И все как на подбор. Самый старший, конечно же, красавец Росс. Он никогда не кичился своей редкостной сообразительностью и без малейшего усилия переходил из класса в класс. Росс читал запоем и слушал по средам передачи Фреда Аллена, [3] а на следующий день повторял им все самые лучшие его шутки. Его родители жили очень бедно, но он всегда поражал друзей своей опрятностью. Один хороший галстук, один хороший пояс, не знающее сносу пальто и единственные, но всегда идеально выглаженные брюки. Старина Росс. Он самый.

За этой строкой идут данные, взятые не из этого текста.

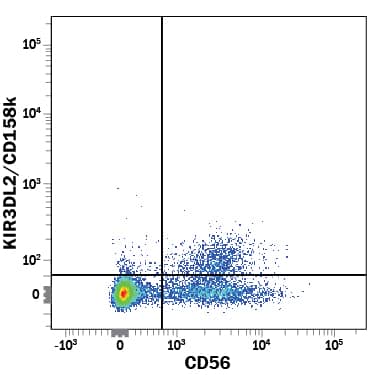 Detection of KIR3DL2/CD158k antibody in Human PBMCs antibody by Flow Cytometry.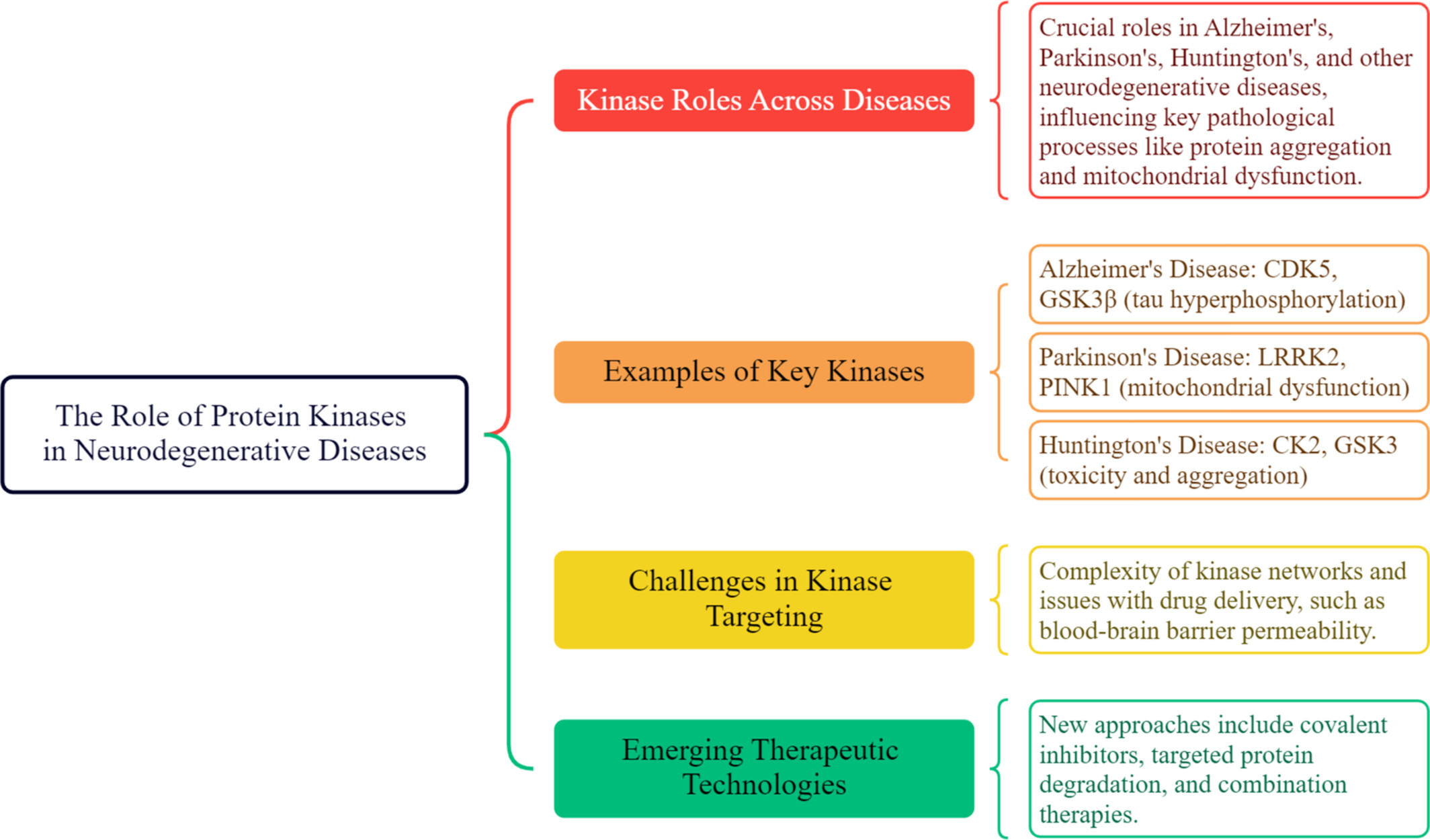 The Role of Kinases in Neurodegenerative Diseases: From Pathogenesis to Treatment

Джек, будущий писатель, что собирался покорить и потрясти весь этот мир. В карманах его куртки лежали шесть ручек и желтый блокнот, все, что нужно, чтобы перестейнбечить Стейнбека [4]. Дружище Джек.
1
А как он ждал четвертого июля! — День независимости США, общегосударственный праздник (4 июля 1776 г. была подписана Декларация независимости США).
2
…фильмы с Лоном Чейни, горбун Квазимодо и призрак оперы. — Лон Чейни (Алонсо Чейни, 1883–1930) — знаменитый характерный актер немого кинематографа США, прозванный «человеком с тысячью лиц»; будучи сыном глухонемых родителей, с детства занимался пантомимой. Наиболее известные роли — Квазимодо в «Соборе Парижской Богоматери» (1923), призрак оперы в «Призраке оперы» (1925). Его сын Лон Чейни-мл. (Крейтон Чейни, 1907–1973) также снимался в кино, преимущественно в фильмах ужасов.
3
…слушал по средам передачи Фреда Аллена… — Фред Аллен (Джон Флоренс Салливен, 1894–1956) — американский юморист, начинал в водевиле; на радио («Си-би-эс») с 1932 г., собственную программу вел в 1934–1949 гг.
4
Стейнбек, Джон (1902–1968) — американский писатель, автор романов «О мышах и людях» (1937), «Гроздья гнева» (1939), «К востоку от Рая» (1952), «Зима тревоги нашей» (1961) и др., лауреат Нобелевской премии по литературе 1962 г.